Fix cpuset sched_relax_domain_level control file
Due to a merge conflict, the sched_relax_domain_level control file was
marked as being handled by cpuset_read/write_u64, but the code to handle it
was actually in cpuset_common_file_read/write.
Since the value being written/read is in fact a signed integer, it
should be treated as such; this patch adds cpuset_read/write_s64
functions, and uses them to handle the sched_relax_domain_level file.
With this patch, the sched_relax_domain_level can be read and written,
and the correct contents seen/updated.
Signed-off-by: Paul Menage <menage@google.com>
---
kernel/cpuset.c | 52 ++++++++++++++++++++++++++++++++++++++++------------
1 file changed, 40 insertions(+), 12 deletions(-)
Index: cpusetfix-2.6.26-rc1/kernel/cpuset.c
===================================================================
--- cpusetfix-2.6.26-rc1.orig/kernel/cpuset.c
+++ cpusetfix-2.6.26-rc1/kernel/cpuset.c
@@ -1031,11 +1031,9 @@ int current_cpuset_is_being_rebound(void
return task_cs(current) == cpuset_being_rebound;
}
-static int update_relax_domain_level(struct cpuset *cs, char *buf)

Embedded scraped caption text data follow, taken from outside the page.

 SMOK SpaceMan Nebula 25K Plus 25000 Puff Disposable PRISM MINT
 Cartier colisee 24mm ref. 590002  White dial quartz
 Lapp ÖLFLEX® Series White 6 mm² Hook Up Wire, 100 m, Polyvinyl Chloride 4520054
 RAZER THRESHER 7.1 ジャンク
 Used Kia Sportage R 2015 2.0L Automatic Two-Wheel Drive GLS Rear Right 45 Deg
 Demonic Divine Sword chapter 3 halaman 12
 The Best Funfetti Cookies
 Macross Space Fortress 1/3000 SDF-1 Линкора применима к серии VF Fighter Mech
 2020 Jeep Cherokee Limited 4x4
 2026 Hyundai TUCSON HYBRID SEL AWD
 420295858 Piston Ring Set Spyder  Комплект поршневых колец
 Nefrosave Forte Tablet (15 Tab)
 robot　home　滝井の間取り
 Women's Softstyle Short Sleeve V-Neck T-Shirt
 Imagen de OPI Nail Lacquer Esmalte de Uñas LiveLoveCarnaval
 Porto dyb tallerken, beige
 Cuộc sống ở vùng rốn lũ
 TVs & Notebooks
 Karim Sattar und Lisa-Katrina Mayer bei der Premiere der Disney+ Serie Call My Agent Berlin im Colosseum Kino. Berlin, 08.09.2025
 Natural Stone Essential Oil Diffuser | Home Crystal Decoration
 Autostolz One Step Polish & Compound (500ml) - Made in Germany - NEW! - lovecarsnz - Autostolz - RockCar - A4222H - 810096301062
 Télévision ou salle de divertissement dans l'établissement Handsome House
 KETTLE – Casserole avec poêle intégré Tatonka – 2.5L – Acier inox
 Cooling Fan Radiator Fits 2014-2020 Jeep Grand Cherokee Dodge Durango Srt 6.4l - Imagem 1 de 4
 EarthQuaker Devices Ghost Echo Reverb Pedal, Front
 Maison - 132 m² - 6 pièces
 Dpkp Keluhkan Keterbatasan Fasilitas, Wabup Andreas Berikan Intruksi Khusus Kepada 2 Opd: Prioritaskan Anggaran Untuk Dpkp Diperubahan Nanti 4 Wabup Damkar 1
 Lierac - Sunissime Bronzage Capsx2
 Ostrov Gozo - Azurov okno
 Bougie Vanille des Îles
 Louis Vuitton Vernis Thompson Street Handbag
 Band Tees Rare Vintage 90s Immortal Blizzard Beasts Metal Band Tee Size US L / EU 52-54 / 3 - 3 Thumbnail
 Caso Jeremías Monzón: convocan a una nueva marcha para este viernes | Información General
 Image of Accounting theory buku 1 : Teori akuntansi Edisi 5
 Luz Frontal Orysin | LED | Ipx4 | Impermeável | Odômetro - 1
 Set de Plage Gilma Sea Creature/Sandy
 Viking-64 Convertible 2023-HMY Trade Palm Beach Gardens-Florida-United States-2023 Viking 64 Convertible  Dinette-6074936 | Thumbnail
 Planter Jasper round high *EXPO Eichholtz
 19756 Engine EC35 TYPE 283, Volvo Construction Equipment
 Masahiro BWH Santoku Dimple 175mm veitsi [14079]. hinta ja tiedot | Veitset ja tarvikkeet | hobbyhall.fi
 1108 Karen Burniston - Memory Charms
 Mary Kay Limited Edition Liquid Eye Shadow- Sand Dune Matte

+static int update_relax_domain_level(struct cpuset *cs, s64 val)
{
- int val = simple_strtol(buf, NULL, 10);
-
- if (val < 0)
+ if ((int)val < 0)
val = -1;
if (val != cs->relax_domain_level) {
@@ -1280,9 +1278,6 @@ static ssize_t cpuset_common_file_write(
case FILE_MEMLIST:
retval = update_nodemask(cs, buffer);
break;
- case FILE_SCHED_RELAX_DOMAIN_LEVEL:
- retval = update_relax_domain_level(cs, buffer);
- break;
default:
retval = -EINVAL;
goto out2;
@@ -1348,6 +1343,30 @@ static int cpuset_write_u64(struct cgrou
return retval;
}
+static int cpuset_write_s64(struct cgroup *cgrp, struct cftype *cft, s64 val)
+{
+ int retval = 0;
+ struct cpuset *cs = cgroup_cs(cgrp);
+ cpuset_filetype_t type = cft->private;
+
+ cgroup_lock();
+
+ if (cgroup_is_removed(cgrp)) {
+ cgroup_unlock();
+ return -ENODEV;
+ }
+ switch ...Reviewed-by: Li Zefan <lizf@cn.fujitsu.com> --
OK, here we go again. There is a patch in linux-next called "cpuset: system sets" which will conflict with your change. A bit of archeology indicates that this patch was sent out on Feb 27 and received a bit of review feedback, including some serious-looking qualms from Paul. There was no response to that reviewer feedback and volia, the damn code goes into linux-next without, afaict, any alteration. Ingo, for the entyenth time: kernel/cpuset.c is not part of the CPU scheduler. argh. Now what to do? If I merge this patch then I need to drop linux-next and if I drop linux-next I drop half my tree. So I guess I need to merge this patch and then somehow smash linux-next on top of it. Thanks a lot. --
Yeah - I was looking at that patch earlier today, when I was
scratching my head, trying to figure out what I broke with
mmotm.
I still don't like it. The conversation evolved into a couple of
positions, mine and someone elses, I forget whom. From what I
can recall now, neither of those positions endorsed the original
patch, as you have it. Then the conversation died out, as all
parties involved other than perhaps myself prefer to work on stuff
that can result in successful patches, rather than ongoing debates.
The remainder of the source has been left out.